Usually we focus on the worthy task of reviewing some of the area’s less expensive establishments, letting you in on spots where a decent dinner won’t set you back more than $15. But for a change of pace, we’ve decided to take on some of the area’s pricier restaurants without losing our focus on quality cuisine at a good value.
This week the search for exciting food led us to the Bell Tower Shops in Fort Myers where I sat down for dinner with a friend at Crü, a restaurant that breathes trendy sophistication. Maybe it’s the dimly-lit dining room draped in red and black that creates this aura. Maybe it’s the wood burning stove that sends flames dancing up the back of the bar. Maybe it’s the refreshingly young crowd sipping wine from oversized glasses with no one of their parents’ age in sight. Probably it’s a blend of all three combined with a menu that speaks for itself and a staff that answers questions without even a trace of attitude.
Crü’s motto is “lush wines and pure food,” an idea that sounded all right, but didn’t give any insight into their culinary style. After getting past the goofy, completely unpretentious pictures of the restaurant’s chefs on the menu’s front and back covers, we discovered an eclectic array of options touched by influences as diverse as Japanese sushi, Spanish tapas, and Mayan chocolate.
My friend and I got started with Crü’s signature fried spicy crab rolls ($10), the only appetizer I’ve ever met that has its own business card. With one bite, however, all became clear. These puppies are goooood. Drizzled in a designer mayonnaise and nestled in pairs on a trio of small plates, Crü’s crab rolls are a little like stepping into spring roll heaven.
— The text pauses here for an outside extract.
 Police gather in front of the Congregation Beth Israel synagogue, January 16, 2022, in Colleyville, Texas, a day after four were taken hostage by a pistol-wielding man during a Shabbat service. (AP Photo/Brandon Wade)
Soon they’ll be available for retail sale at fancy grocers like Fresh Market so you can wow people by saying you made them from scratch.
With appetizers out of the way, we got down to the business of choosing entrées from chef Rueben Silva’s collection of modern, habit-forming dishes. My friend settled on the half rack of lamb ($36, full rack $65), which arrived with the “chef’s meat partner,” an array of baby eggplant, brussels sprouts, onions, corn and sausage. Cooked to a classic medium, the lamb was a wonderful meat alternative to simple steaks and chops. I opted for one of the evening’s specials: a hefty cut of perfectly cooked Chilean sea bass ($36) served atop a crispy cheese and pancetta laced polenta cake, on a bed of sautéed spinach in a shiraz demiglace. Both were beautiful, both were tasty, and ultimately, we both cleared our plates.
Despite being semi-stuffed, I couldn’t resist a look at the “candy man’s (dessert chef Dave Funaro) special desserts.” At $15 each, Crü’s pastries cost more than a second glass of wine, but won’t leave you with a hangover at least. We split the milk chocolate mousse, a light creamy dessert served with almond cookies and also tried out a pair of homemade truffles made with chili powder, and almond paste ($2 apiece), a nice ending to an exceptional meal.
Intrigued by the atmosphere, indulged by the staff, and impressed with the food – I left Crü a believer. And I’m not the only one. Riding its popularity and a successful visit to the James Beard house in New York, Crü is in the process of adding expanded patio seating to accommodate a thriving Friday night bar scene and is making plans for a members only dining room to be appropriately dubbed Crü Privé. If you’ve been looking for a young, creative take on fine dining, check out Crü.